Je vous livre l'une des conclusions:
« C'est l'une des forces des dominants d'avancer sous le masque de l'individualisme et du mérite personnel tout en pratiquant dans la discrétion le collectivisme, le souci de l'héritage et de la transmission des avantages acquis.»A travers de multiples exemples, anecdotiques ou collectifs, les deux auteurs détaillent les stratégies de défense de «l'aristocratie de l'argent»: de cercles d'héritiers en clubs de cooptés, cette dernière protège avec savoir et application la transmission de son héritage, les « monuments historiques » qu'elle habite, les quartiers riches où elle s'est réfugiée.

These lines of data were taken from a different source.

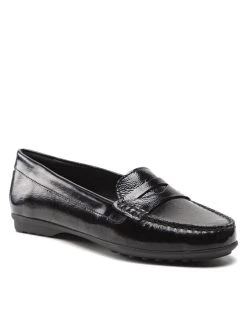 Geox Γυναίκες Κλειστά Παπούτσια Μοκασίνια D Elidia A D642TA 00067 C9999 Μαύρο Μαύρο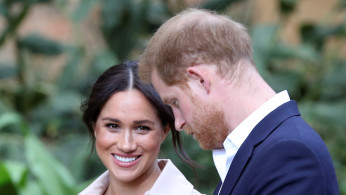Britain's Prince Harry and Meghan visit South Africa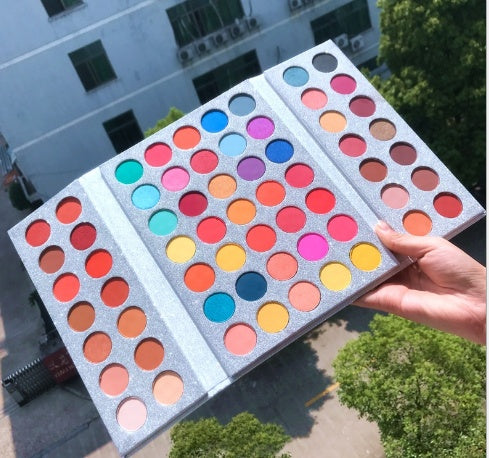 Beauty Glazed Palette - Eyeshadow Modification with 63 vibrant matte and shimmer shades for versatile eye makeup looks. Ideal for bold and creative styling.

Sa stratégie d'évitement est sans pareille, coordonnée, outillée et réfléchie.
Cet ouvrage mérite d'autant plus le détour qu'il permet de revisiter l'actualité politique récente: à l'Assemblée nationale, la ministre de l’égalité des territoires et du logement, Cécile Duflot, défendait en effet sa loi sur la Mobilisation du foncier public en faveur du logement et le renforcement des obligations de production de logement social.
Loi Duflot
On mesure combien l'ex-leader écologiste devenue ministre intéresse les commentateurs politiques, depuis que son parti EELBV s'est déclaré hostile au traité européen TSCG. Mais bizarrement rares étaient ces mêmes commentateurs à s'attarder sur l'adoption de sa loi sur le logement. Pourtant, les arguments avancés par les députés-maires de certaines communes bourgeoises valaient le détour. Un détour assez agaçant, presque pré-révolutionnaire.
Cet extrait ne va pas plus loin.